Untuk diketahui, pengembangan offshore dengan FLNG itu sendiri akan berwujud sebuah kapal besar, yang panjangnya sekitar 400-490 meter, dengan lebar 60-80 meter, dan beratnya melebihi 500 ribu ton.
Kapal itu terapung di lautan di mana sumber gas berada. Produk LNG kemudian akan dijemput dengan Kapal LNG Carrier ke negara tujuan ekspor yang memiliki kilang offloading. Setidaknya kilang offloading LNG demikian ada di China, Thailand, Korea Selatan, dan Jepang.
Lalu bagaimana Indonesia memperoleh bagiannya?

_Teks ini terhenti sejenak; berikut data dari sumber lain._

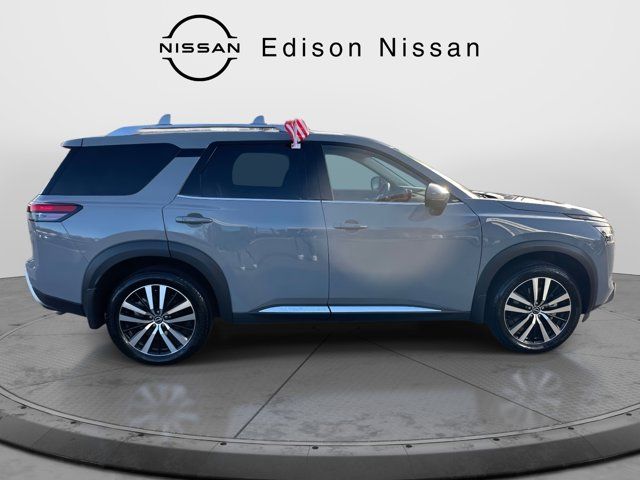 2025 Nissan Pathfinder Platinum 2025 Nissan Pathfinder Platinum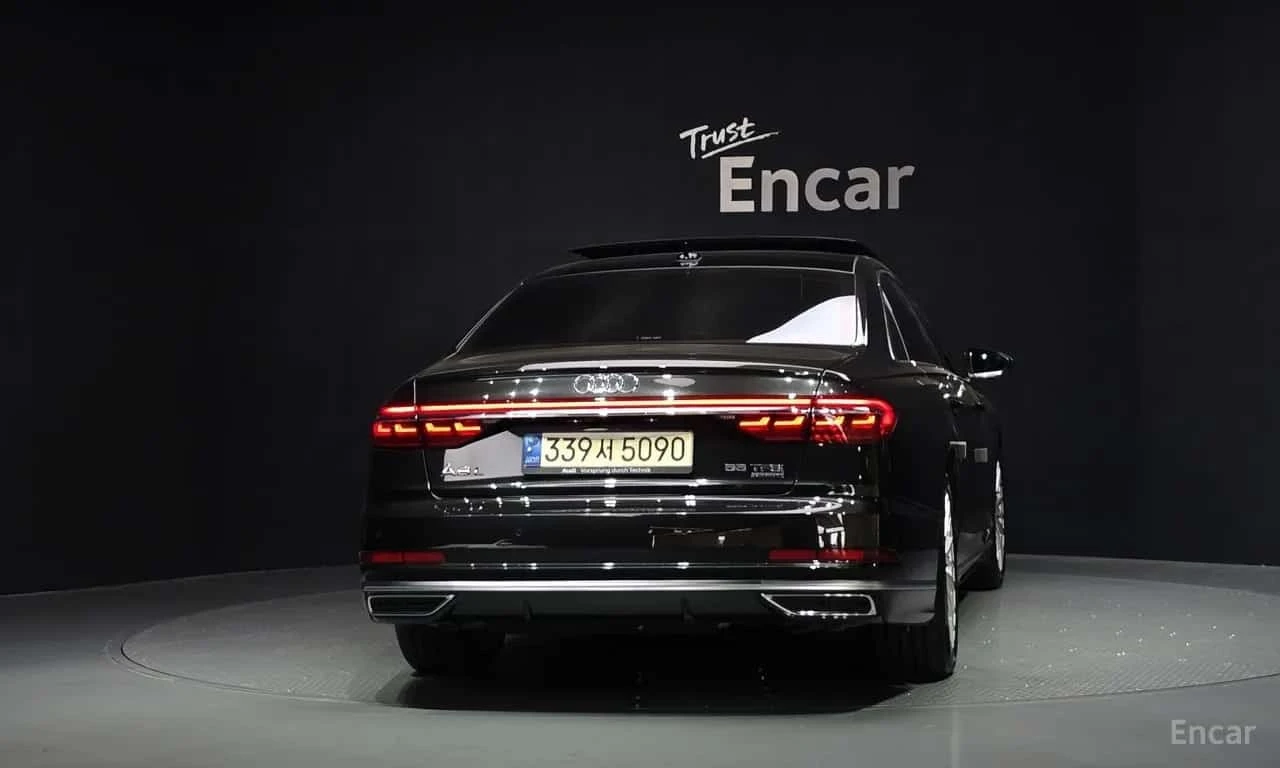 Audi A8 * 55 TFSI Quattro LWB * MATRIX* B&O* , снимка 4 - Автомобили и джипове - 56358838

Tentu lewat bagi hasil keuntungan penjualan dan dari pajak penjualan produksi itu. Yang menjadi pertanyaan adalah perhitungan pajaknya dan bagaimana memastikan jumlah gas yang diproduksi dihitung sampai satuan yang terkecil.
Layaknya praktik perbankan offshore yang penuh rahasia, maka pertambangan offshore juga sama karena tak bisa diawasi 24 jam secara langsung oleh mata manusia.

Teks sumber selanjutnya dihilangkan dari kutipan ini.